Adrian Siemieniec: Poprzeczka będzie już tylko szła w górę, będzie już tylko trudniej
Gratuluję drużynie zwycięstwa. Powiedziałem też w szatni, że dziś jest bardzo dobry moment i chciałbym, żeby on trwał. Wiemy jak jest w sporcie, szczególnie w piłce nożnej, musimy być skoncentrowani i pielęgnować ten czas zwycięstwa i mieć do niego dużo szacunku, utrzymać koncentrację tym bardziej, że poprzeczka będzie już tylko szła w górę, będzie już tylko trudniej.

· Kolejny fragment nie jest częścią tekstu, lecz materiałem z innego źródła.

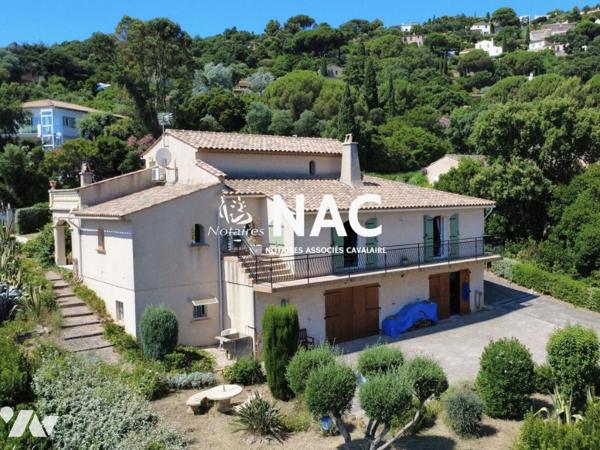 Grande Villa de 229m² à vendre sur grand terrain dans un quartier résidentiel au calme.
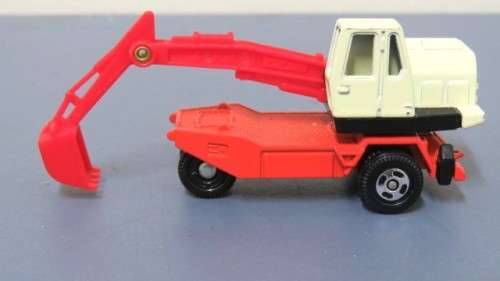 Vintage Tomy Tomica Die Cast 1979 Yutani Shovel TY45 #51 No Box Scale 1:90 L: 70 mm SOLD AS IS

Chciałbym też podziękować kibicom za wsparcie. Uważam, że mimo iż pierwsza połowa nie była prowadzona w jakimś zawrotnym tempie, to mieliśmy kontrolę nad tym spotkaniem. W drugiej Stal, szukając okazji do pressingu, otworzyła nam więcej przestrzeni, stąd mieliśmy więcej sytuacji. Cieszę się, że nie straciliśmy gola, były sytuacje, by wynik był wyższy. Ale nie chcemy być zachłanni, a doceniać to, co mamy, cieszymy się bardzo z tego zwycięstwa. Teraz mamy trochę przerwy od ligi, a przed nami 3. runda eliminacji Ligi Mistrzów. Po krótkim odpoczynku będziemy się koncentrować już tylko na tym - powiedział po meczu trener Jagiellonii Adrian Siemieniec.

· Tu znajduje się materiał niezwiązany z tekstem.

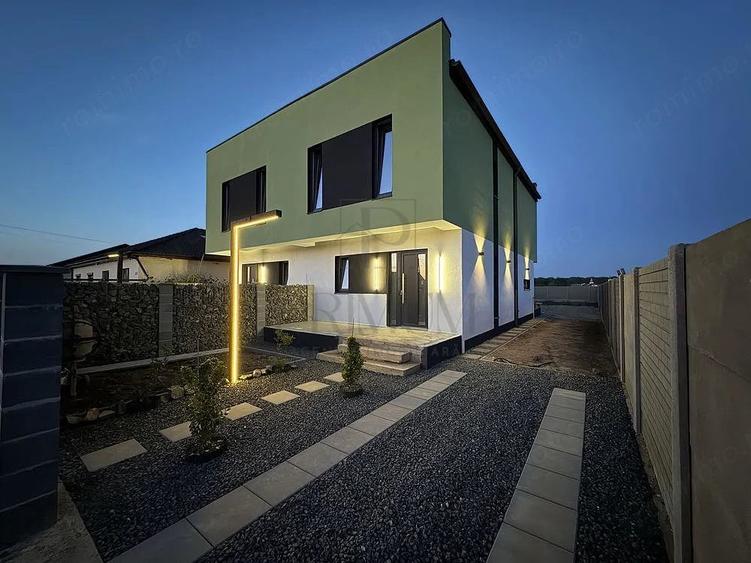 Casă cu 4 camere cu Teren 270 Mp în Șag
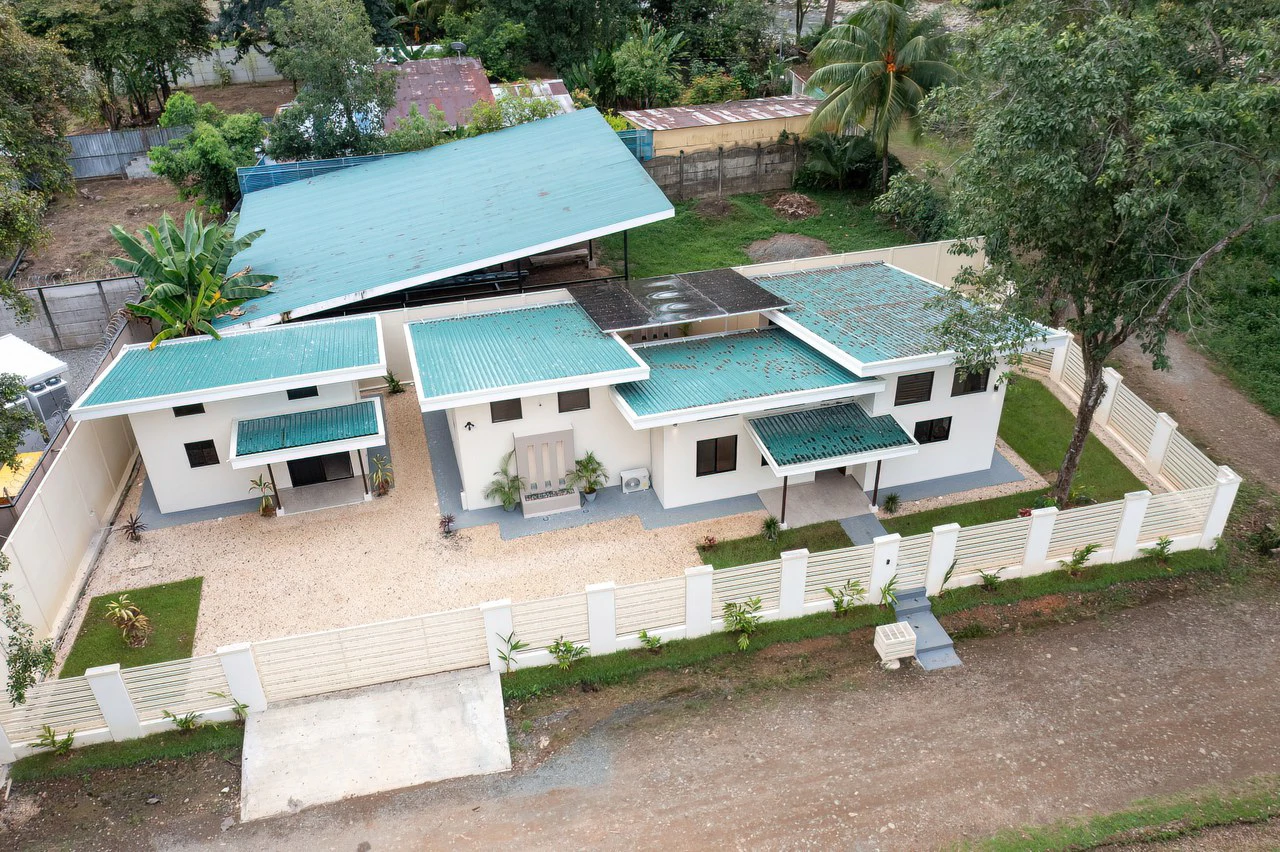 Modern 3-Bedroom Home Near Marino Ballena National Park – Central Uvita - Gallery image 24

Kamil Kiereś: Myślę, że drużyna z Białegostoku wygrała zasłużenie
Myślę, że drużyna z Białegostoku wygrała zasłużenie. Jeśli chodzi o nasz plan na to spotkanie, to szukaliśmy zależności, które pomogły nam dwa miesiące temu wygrać z Jagiellonią w Mielcu. Tam ewidentnie mieliśmy plan, który wypalił. Początek meczu ze strony Jagiellonii nie był dynamiczny, uważam, że w tej fazie mogliśmy bardziej wykorzystać kontry, bo odebraliśmy kilka piłek. Tracimy zbyt łatwe bramki. Myślę, że strata pierwszej może jeszcze nie podcięła nam skrzydeł, staraliśmy się odmienić wynik jeszcze w pierwszej połowie. Od 60. min szukałem - przede wszystkim w środku - ofensywnej zmiany, ale ona nie przyniosła nam dobrego efektu, bo szybko straciliśmy bramkę na 0:2 i w krótkim odstępie czasu był rzut karny, który wyłapał Mateusz Kochalski. Po naszych kolejnych zmianach Jagiellonia na pewno napędzała się takimi sytuacjami, gdzie mogła podwyższyć rezultat. Na pewno w kontekście tego, że niezbyt dobrze wystartowaliśmy do sezonu, musimy w tej formule zawodników, których mamy, szukać rozwiązań, bo tego wymaga sytuacja. Ale na ten moment nasza kadra jest wąska, nie do końca jest zbudowana rywalizacja i potrzebujemy dokoptowania kilku zawodników, którzy dadzą nam większą jakość, ale też zwiększą rywalizację. Bo bez tego nie będzie progresu - powiedział po meczu trener Stali Mielec Kamil Kiereś.